§ ASSIGNED TASK
Output nothing but the line containing "Nissan Floor Mat Kabine in notranjost" and the lines after it through the end of the material below, each reproduced exactly.

DATA FOR ANALYSIS Block Start

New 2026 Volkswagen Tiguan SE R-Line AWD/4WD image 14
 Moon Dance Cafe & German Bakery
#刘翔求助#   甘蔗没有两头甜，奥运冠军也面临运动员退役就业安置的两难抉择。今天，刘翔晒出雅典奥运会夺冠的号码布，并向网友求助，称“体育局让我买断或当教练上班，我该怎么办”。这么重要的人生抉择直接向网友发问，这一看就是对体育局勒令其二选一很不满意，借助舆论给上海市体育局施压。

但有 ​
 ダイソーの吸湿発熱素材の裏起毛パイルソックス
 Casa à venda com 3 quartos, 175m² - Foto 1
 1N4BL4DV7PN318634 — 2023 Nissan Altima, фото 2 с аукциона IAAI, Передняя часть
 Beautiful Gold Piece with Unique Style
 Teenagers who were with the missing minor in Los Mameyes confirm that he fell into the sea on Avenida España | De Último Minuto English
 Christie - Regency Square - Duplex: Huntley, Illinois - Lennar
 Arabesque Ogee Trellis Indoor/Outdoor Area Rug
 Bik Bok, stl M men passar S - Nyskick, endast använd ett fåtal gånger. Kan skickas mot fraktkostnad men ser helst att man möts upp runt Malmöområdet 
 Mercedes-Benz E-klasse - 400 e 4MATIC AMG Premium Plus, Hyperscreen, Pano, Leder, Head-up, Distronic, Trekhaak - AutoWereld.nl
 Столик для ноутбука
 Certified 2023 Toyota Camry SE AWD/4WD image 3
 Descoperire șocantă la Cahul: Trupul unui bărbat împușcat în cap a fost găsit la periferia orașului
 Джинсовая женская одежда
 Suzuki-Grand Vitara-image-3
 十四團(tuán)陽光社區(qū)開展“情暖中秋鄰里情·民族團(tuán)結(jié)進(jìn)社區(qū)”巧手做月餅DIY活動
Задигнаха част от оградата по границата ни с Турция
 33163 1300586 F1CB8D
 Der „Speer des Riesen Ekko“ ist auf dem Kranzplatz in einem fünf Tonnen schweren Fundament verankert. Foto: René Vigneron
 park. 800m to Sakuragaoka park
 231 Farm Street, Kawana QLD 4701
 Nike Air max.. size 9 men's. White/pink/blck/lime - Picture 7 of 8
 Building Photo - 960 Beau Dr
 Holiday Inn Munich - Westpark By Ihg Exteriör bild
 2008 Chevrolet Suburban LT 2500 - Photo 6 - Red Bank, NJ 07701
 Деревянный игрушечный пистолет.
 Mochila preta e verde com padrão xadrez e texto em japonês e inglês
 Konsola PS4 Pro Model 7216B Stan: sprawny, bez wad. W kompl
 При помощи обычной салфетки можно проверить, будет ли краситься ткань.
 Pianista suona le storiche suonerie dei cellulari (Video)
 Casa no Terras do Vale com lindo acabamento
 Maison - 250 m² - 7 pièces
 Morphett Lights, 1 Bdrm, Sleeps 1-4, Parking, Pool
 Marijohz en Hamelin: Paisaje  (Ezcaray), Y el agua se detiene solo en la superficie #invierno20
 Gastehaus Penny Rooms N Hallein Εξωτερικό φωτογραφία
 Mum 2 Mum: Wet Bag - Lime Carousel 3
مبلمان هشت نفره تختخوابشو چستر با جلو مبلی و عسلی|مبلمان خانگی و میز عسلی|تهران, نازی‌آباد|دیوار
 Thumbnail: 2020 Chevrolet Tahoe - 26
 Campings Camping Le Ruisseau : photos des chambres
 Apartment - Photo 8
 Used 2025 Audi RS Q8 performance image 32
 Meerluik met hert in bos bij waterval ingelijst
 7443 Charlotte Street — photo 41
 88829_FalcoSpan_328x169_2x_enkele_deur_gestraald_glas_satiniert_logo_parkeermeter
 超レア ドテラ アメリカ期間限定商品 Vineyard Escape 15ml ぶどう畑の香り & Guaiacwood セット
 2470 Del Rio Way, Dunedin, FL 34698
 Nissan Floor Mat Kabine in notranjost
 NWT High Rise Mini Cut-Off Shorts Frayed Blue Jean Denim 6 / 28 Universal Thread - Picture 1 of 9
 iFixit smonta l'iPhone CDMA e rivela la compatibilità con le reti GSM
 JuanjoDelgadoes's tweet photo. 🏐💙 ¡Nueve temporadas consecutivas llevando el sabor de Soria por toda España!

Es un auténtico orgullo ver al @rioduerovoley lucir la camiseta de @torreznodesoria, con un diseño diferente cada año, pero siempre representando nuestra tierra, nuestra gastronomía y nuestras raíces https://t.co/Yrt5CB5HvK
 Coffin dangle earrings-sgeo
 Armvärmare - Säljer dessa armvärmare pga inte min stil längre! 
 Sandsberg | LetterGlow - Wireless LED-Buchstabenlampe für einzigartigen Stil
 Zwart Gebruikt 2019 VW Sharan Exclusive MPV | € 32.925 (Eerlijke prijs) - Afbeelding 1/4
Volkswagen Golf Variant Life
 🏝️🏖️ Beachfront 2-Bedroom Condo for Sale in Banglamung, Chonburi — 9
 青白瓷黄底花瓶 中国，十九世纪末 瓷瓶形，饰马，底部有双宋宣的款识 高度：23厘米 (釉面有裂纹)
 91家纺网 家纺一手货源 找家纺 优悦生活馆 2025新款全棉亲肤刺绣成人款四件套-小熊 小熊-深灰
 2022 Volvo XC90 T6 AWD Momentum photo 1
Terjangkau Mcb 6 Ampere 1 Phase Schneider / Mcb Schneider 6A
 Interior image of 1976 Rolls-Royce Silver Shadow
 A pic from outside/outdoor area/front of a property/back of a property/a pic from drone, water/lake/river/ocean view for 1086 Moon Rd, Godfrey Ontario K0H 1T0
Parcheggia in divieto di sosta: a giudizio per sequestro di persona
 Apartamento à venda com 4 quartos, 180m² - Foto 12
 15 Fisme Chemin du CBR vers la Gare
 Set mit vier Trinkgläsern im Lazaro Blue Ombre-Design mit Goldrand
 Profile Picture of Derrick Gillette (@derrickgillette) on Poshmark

DATA FOR ANALYSIS Block End

§ WRITTEN SOLUTION
 Nissan Floor Mat Kabine in notranjost
 NWT High Rise Mini Cut-Off Shorts Frayed Blue Jean Denim 6 / 28 Universal Thread - Picture 1 of 9
 iFixit smonta l'iPhone CDMA e rivela la compatibilità con le reti GSM
 JuanjoDelgadoes's tweet photo. 🏐💙 ¡Nueve temporadas consecutivas llevando el sabor de Soria por toda España!

Es un auténtico orgullo ver al @rioduerovoley lucir la camiseta de @torreznodesoria, con un diseño diferente cada año, pero siempre representando nuestra tierra, nuestra gastronomía y nuestras raíces https://t.co/Yrt5CB5HvK
 Coffin dangle earrings-sgeo
 Armvärmare - Säljer dessa armvärmare pga inte min stil längre! 
 Sandsberg | LetterGlow - Wireless LED-Buchstabenlampe für einzigartigen Stil
 Zwart Gebruikt 2019 VW Sharan Exclusive MPV | € 32.925 (Eerlijke prijs) - Afbeelding 1/4
Volkswagen Golf Variant Life
 🏝️🏖️ Beachfront 2-Bedroom Condo for Sale in Banglamung, Chonburi — 9
 青白瓷黄底花瓶 中国，十九世纪末 瓷瓶形，饰马，底部有双宋宣的款识 高度：23厘米 (釉面有裂纹)
 91家纺网 家纺一手货源 找家纺 优悦生活馆 2025新款全棉亲肤刺绣成人款四件套-小熊 小熊-深灰
 2022 Volvo XC90 T6 AWD Momentum photo 1
Terjangkau Mcb 6 Ampere 1 Phase Schneider / Mcb Schneider 6A
 Interior image of 1976 Rolls-Royce Silver Shadow
 A pic from outside/outdoor area/front of a property/back of a property/a pic from drone, water/lake/river/ocean view for 1086 Moon Rd, Godfrey Ontario K0H 1T0
Parcheggia in divieto di sosta: a giudizio per sequestro di persona
 Apartamento à venda com 4 quartos, 180m² - Foto 12
 15 Fisme Chemin du CBR vers la Gare
 Set mit vier Trinkgläsern im Lazaro Blue Ombre-Design mit Goldrand
 Profile Picture of Derrick Gillette (@derrickgillette) on Poshmark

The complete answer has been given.